• [What to produce]
Everything in the records below from the line containing "BOLETÍN OFICIAL DE" through the line containing "Plus Size Chubby" is to be reproduced exactly, those two lines included; no picture is to be copied.

• [Material provided]
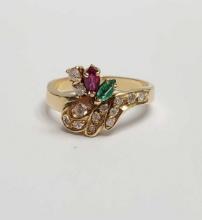 Vintage 18k Gold Ruby, Emerald, & Diamond Ring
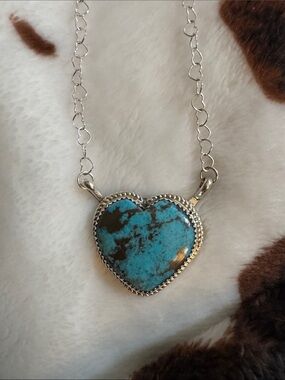 925 Sterling Silver Heart Turquoise Pendant Necklace native made by John Begay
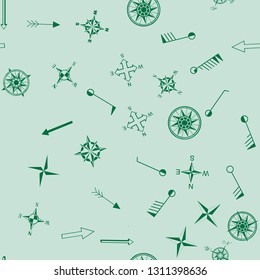 Compas and arrows icons for topographic maps. Streamless pattern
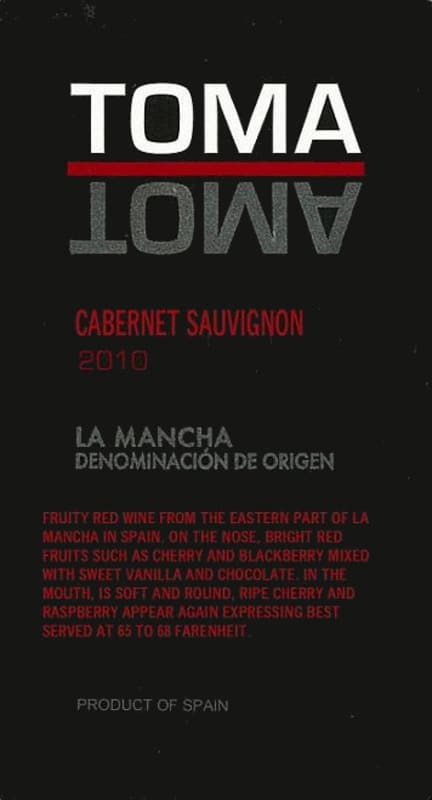 Bodegas Lozano Toma Cabernet Sauvignon 2010 Front Label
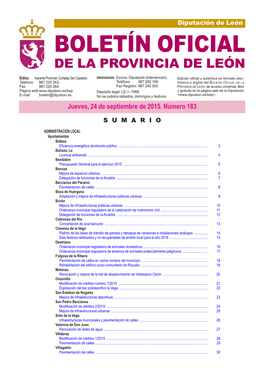 BOLETÍN OFICIAL DE LA PROVINCIA DE LEÓN Edita: Imprenta Provincial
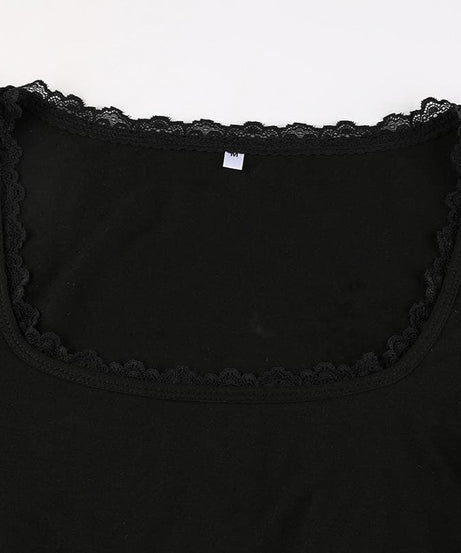 Fall Chic: Black Lace Trim Square Neck Long Sleeve Top | Versatile & Elegant Essential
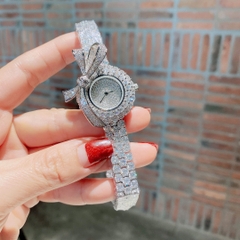 Chopard Mặt Đính Nơ |Nữ Giới |Dây Kim Loại Đính Đá Silver |Máy Pin (Quartz) |Size 30mm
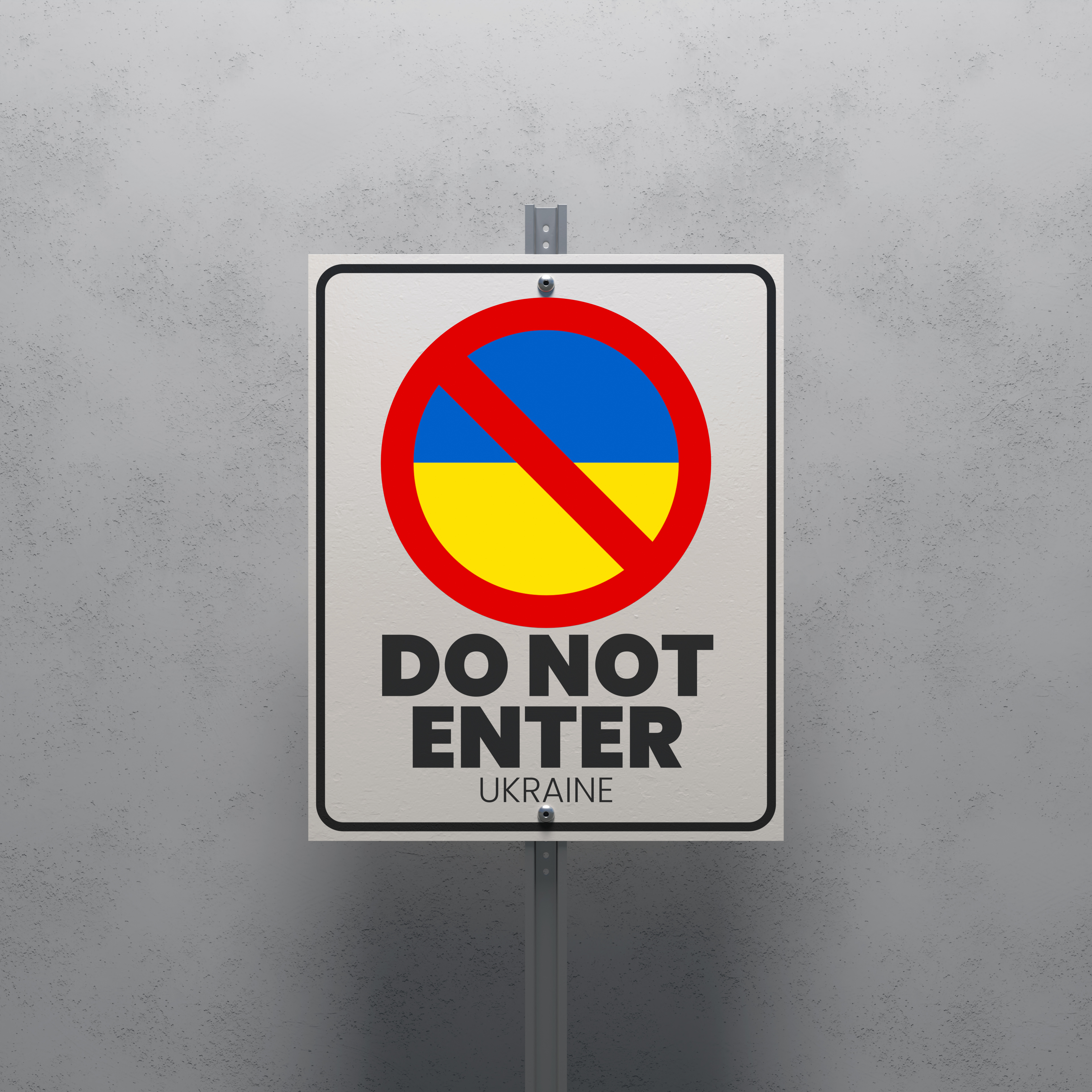 No Entry sign displaying the Ukraine flag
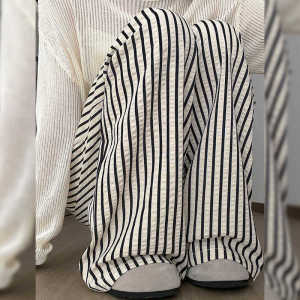 Plus Size Chubby Girl Ice Silk Thin Black and White Striped Pants Womens Summer New Arrival High Waist Slim Looking Walking Lazy Wide-Leg Pants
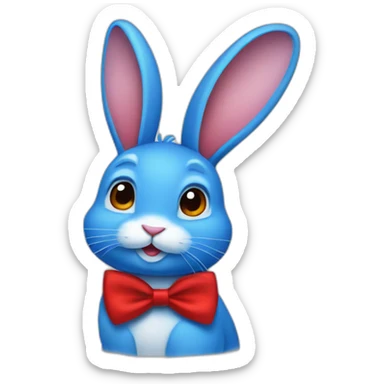 blue bunny with a red bowtie sticker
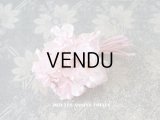 アンティーク ベビーピンクの布花 コサージュ　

• [Response box]
 BOLETÍN OFICIAL DE LA PROVINCIA DE LEÓN Edita: Imprenta Provincial
 Fall Chic: Black Lace Trim Square Neck Long Sleeve Top | Versatile & Elegant Essential
 Chopard Mặt Đính Nơ |Nữ Giới |Dây Kim Loại Đính Đá Silver |Máy Pin (Quartz) |Size 30mm
 No Entry sign displaying the Ukraine flag
 Plus Size Chubby Girl Ice Silk Thin Black and White Striped Pants Womens Summer New Arrival High Waist Slim Looking Walking Lazy Wide-Leg Pants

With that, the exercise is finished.